5. Corporate Sector Challenges
Finally, firms dependent on imported inputs face higher costs and squeezed margins, particularly in electronics and automobiles.
RBI’s Response and Measures
Forex Market Interventions
To manage volatility, the RBI sold nearly $50 billion between Nov 2024 and Nov 2025. It intervenes selectively to prevent disorderly movements.
Strategic Shift
Since late 2024, the RBI has shown greater tolerance for gradual depreciation, acknowledging market forces and conserving reserves.
Currency Swaps and Reserve Management
Swap operations and reserves of $698 billion (Sept 2025) provide buffers, covering 11 months of imports.
Monetary Policy Adjustments
Interest rate decisions remain crucial in balancing inflation control and capital flows.
Comprehensive Policy Measures for Stability
Short-Term Measures
- Controlled forex intervention
- Liquidity management
- Import rationalisation
Medium to Long-Term Reforms
- Export promotion (PLI, FTAs)
- Attracting FDI
- Reducing energy dependence
- Currency diversification
- Fiscal consolidation
- Inflation control
- Manufacturing strengthening
Expert Outlook and Projections
Looking ahead, experts project the rupee may stabilise in the mid-to-high 80s, though 8–10% depreciation remains possible.

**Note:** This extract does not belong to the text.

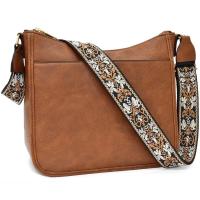 Bolso cruzado de hombro ancho para mujer de moda Bolso de mano retro grande multifuncional de cuero PU - details 3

However, strong GDP growth (8.2%), robust reserves, and manageable debt offer resilience. The IMF’s reclassification of India’s exchange rate regime suggests greater market determination with policy oversight.
Conclusion
In conclusion, rupee depreciation presents a mixed economic outcome. While it boosts exports and remittances, it also raises inflation, debt servicing costs, and investment risks.
The RBI’s pragmatic approach—balancing market forces with targeted intervention—has prevented disorderly depreciation. Nonetheless, long-term currency stability depends on structural reforms, export diversification, energy security, inflation control, and sustained macroeconomic discipline.
Ultimately, the rupee’s trajectory will reflect India’s ability to strengthen its external sector while adapting to a volatile global economy.